▸ Task to complete:
What you should output is the data below, unchanged in every character.

▸ Information supplied:
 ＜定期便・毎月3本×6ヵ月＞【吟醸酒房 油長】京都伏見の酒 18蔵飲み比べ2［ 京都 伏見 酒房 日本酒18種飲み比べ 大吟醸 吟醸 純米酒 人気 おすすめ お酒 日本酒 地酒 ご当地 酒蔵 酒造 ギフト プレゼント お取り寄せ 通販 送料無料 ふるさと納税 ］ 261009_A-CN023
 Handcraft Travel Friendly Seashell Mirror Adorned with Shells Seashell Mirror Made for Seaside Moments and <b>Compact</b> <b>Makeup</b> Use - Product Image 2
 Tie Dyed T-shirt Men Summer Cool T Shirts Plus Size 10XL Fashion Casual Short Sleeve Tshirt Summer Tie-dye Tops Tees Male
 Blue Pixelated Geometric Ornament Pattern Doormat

▸ Task output:
 ＜定期便・毎月3本×6ヵ月＞【吟醸酒房 油長】京都伏見の酒 18蔵飲み比べ2［ 京都 伏見 酒房 日本酒18種飲み比べ 大吟醸 吟醸 純米酒 人気 おすすめ お酒 日本酒 地酒 ご当地 酒蔵 酒造 ギフト プレゼント お取り寄せ 通販 送料無料 ふるさと納税 ］ 261009_A-CN023
 Handcraft Travel Friendly Seashell Mirror Adorned with Shells Seashell Mirror Made for Seaside Moments and <b>Compact</b> <b>Makeup</b> Use - Product Image 2
 Tie Dyed T-shirt Men Summer Cool T Shirts Plus Size 10XL Fashion Casual Short Sleeve Tshirt Summer Tie-dye Tops Tees Male
 Blue Pixelated Geometric Ornament Pattern Doormat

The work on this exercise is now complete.